Gratitude, encore un mot qui aux oreilles de certains sonnera aussi désuet que «vertu», «morale» et autres. Cependant, pour peu que nous approfondissions ce type de vocables nous les trouvons liés à une philosophie de vie et au centre de toutes les relations humaines. Se fixer des idéaux est facile, se maintenir dans leurs exigences l'est moins. À dire vrai, la gratitude ne se compare pas à un idéal, il s'agit plutôt d'un sentiment. Fruit de l'éducation ou d'une disposition d'esprit innée, elle dénote chez la personne qui en fait preuve non seulement le respect d'un usage mais aussi une sensibilité de coeur.
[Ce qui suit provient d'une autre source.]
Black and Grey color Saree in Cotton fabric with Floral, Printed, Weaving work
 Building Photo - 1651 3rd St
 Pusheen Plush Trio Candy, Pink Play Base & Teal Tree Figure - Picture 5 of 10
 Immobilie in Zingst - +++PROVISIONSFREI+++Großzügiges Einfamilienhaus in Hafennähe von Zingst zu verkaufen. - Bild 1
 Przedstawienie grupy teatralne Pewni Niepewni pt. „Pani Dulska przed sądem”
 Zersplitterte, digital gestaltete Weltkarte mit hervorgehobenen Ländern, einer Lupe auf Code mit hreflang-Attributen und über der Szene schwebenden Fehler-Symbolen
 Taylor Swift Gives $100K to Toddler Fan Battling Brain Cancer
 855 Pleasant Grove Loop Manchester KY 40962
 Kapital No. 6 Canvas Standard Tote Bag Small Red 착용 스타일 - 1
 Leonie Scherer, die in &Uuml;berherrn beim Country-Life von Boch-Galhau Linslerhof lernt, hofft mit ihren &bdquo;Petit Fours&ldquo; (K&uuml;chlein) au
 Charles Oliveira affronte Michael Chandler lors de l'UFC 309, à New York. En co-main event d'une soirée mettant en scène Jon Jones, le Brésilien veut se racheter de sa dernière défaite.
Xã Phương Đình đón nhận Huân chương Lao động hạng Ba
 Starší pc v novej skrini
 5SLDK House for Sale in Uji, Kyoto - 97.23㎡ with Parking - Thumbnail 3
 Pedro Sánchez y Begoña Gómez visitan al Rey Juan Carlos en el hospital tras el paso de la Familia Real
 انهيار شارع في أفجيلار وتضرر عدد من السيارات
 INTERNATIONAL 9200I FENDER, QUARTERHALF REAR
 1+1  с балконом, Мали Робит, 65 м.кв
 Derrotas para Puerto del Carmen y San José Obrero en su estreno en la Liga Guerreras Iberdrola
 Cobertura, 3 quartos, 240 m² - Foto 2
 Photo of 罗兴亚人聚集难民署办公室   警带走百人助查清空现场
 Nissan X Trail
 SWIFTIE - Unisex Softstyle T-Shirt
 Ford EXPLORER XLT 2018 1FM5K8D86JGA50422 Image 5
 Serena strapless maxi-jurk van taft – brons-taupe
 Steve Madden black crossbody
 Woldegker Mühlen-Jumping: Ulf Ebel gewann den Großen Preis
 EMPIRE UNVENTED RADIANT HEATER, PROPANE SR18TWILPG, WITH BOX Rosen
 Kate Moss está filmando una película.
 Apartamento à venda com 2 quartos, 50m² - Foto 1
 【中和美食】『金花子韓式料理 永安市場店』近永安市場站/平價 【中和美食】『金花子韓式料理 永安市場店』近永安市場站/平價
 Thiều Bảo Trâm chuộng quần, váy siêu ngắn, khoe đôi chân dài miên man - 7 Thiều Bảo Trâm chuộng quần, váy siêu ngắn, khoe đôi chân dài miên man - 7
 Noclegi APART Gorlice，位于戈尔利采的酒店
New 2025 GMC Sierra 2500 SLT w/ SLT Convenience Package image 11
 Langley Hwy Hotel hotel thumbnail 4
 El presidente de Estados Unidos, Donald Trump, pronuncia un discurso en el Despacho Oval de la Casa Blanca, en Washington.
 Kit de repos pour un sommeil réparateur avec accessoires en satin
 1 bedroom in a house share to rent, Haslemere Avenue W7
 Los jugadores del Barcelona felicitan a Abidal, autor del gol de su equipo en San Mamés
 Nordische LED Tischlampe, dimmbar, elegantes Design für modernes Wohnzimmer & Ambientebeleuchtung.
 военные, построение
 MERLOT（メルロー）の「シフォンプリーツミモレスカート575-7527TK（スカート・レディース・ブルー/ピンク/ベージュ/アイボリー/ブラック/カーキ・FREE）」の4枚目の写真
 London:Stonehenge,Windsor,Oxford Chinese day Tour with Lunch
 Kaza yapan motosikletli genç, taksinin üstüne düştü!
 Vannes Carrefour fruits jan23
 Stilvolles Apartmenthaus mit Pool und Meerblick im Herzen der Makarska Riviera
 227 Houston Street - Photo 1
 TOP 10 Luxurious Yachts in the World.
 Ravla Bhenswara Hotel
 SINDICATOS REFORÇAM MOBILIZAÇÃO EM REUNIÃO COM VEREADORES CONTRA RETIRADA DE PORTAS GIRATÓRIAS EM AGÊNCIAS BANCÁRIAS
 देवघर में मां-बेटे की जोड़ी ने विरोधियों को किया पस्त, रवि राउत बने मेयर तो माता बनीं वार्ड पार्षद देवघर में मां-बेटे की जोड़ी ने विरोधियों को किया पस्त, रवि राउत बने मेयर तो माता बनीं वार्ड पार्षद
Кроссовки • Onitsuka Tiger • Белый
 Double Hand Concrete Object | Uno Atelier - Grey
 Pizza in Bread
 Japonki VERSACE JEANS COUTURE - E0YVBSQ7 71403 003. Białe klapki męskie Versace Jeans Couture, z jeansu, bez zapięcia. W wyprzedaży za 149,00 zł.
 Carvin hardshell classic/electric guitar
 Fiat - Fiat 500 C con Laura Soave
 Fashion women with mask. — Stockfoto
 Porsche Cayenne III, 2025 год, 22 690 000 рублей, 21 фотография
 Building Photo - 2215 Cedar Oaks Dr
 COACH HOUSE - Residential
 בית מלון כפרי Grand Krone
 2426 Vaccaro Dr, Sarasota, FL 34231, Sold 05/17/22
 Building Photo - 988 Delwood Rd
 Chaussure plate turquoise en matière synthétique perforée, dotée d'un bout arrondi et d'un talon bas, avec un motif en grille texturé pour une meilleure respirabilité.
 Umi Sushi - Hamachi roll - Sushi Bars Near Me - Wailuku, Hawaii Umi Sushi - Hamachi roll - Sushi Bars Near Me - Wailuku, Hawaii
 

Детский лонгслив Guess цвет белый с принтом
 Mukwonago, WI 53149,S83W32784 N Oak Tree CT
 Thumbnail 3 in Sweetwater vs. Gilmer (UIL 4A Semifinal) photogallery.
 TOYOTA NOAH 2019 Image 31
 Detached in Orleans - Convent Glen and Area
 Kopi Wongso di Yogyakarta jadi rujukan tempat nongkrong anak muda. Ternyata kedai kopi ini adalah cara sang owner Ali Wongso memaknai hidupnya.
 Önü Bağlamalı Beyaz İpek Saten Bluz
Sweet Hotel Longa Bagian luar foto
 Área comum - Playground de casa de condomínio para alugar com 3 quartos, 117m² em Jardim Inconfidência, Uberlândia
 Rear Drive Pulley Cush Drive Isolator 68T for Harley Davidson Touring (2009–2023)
Il est des individus assurés que tout leur est dû, ceux-ci jugeront évidemment inutile de manifester le moindre signe de reconnaissance envers quiconque. Ils participent de cette mentalité qui consiste à prendre, toujours prendre, sans jamais rien offrir eux-mêmes. Au contraire, marquer vis-à-vis de l'autre que l'on attache de la valeur au don qu'il nous a fait ou au service qu'il nous a rendu, c'est l'estimer, le placer au-dessus du commun, et dans le même temps s'estimer soi-même car la vraie gratitude n'implique aucune soumission du receveur envers le bienfaiteur. Nous sommes ici dans une configuration de fraternité, non de pouvoir. Il est des gens qui se souviennent toute leur existence d'un simple petit geste qu'à un moment quelqu'un a eu en leur faveur. Ce sont des âmes heureuses. Elles ne seront jamais démunies. Dans gratitude il y a attitude, celle juste et convenable que chacun devrait avoir en toute circonstance. Dire merci quand il le faut et commeil se doit, c'est faire échec à l'indifférence. Avec chaque remerciement sincère un peu de bonté s'ajoute au monde. Le champ de la gratitude va de l'action la plus modeste à une quasi infinitude. Il en est de différentes sortes : celle du croyant à l'égard de son Dieu, de l'enfant pour ses parents, d'une nation envers un pays qui l'a délivrée d'une tyrannie, etc. Personnelle ou collective, la gratitude exprime un contentement intérieur visible. Hélas, on oublie souvent un bienfait ; parfois, il reste en mémoire et il devient alors un lien tangible, mieux : une force d'exemple. Quantité de fables de Grimm, Perrault, La Fontaine et autres conteurs de nos jeunes années montrent l'importance de savoir «gré» à qui nous a porté assistance. Il faut relire les vieilles fables, elles contiennent de profondes vérités.